Moldavian-born rabbi and scholar (1847–1915)

Solomon Schechter (שניאור זלמן הכהן שכטר‎; 7 December 1847 – 19 November 1915) was a Moldavian-born British-American rabbi, academic scholar and educator, most famous for his roles as founder and president of the United Synagogue of America, president of the Jewish Theological Seminary of America, and architect of American Conservative Judaism.

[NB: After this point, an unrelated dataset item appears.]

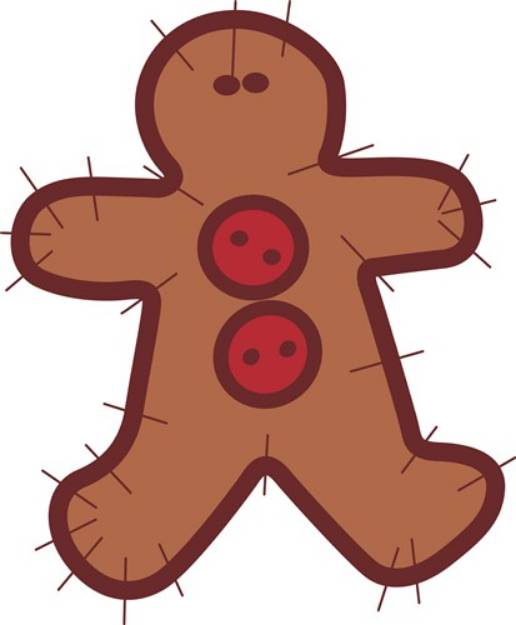 Picture of Applique Gingerbread SVG File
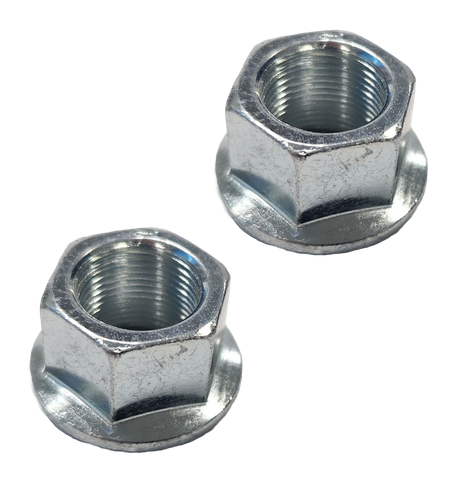 BICYCLE PARTS - HUB NUT - FOR 14MM AXLE FLANGE, BAG OF 2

He is an important figure in Jewish studies and Jewish history, particularly his study of the Cairo Geniza.

==Early life==
He was born in Focșani, Moldavia (now Romania), to Rabbi Yitzchok Hakohen, a shochet ("ritual slaughterer") and member of Chabad hasidim. He was named after its founder, Shneur Zalman of Liadi. Schechter received his early education from his father. Reportedly, he learned to read Hebrew by age 3, and by 5 mastered Chumash. He went to a yeshiva in Piatra Neamț at age 10 and at age thirteen studied with one of the major Talmudic scholars, Rabbi Joseph Saul Nathanson of Lemberg. In his 20s, he went to the Rabbinical College in Vienna, where he studied under the more modern Talmudic scholar Meir Friedmann, before moving on in 1879 to undertake further studies at the Berlin Hochschule für die Wissenschaft des Judentums and at the University of Berlin. In 1882, he was invited to Britain, to be tutor of rabbinics under Claude Montefiore in London.

==Academic career==
In 1890, after the death of Solomon Marcus Schiller-Szinessy, he was appointed to the faculty at Cambridge University, serving as a lecturer in Talmudics and reader in Rabbinics. The students of the Cambridge University Jewish Society hold an annual Solomon Schechter Memorial Lecture.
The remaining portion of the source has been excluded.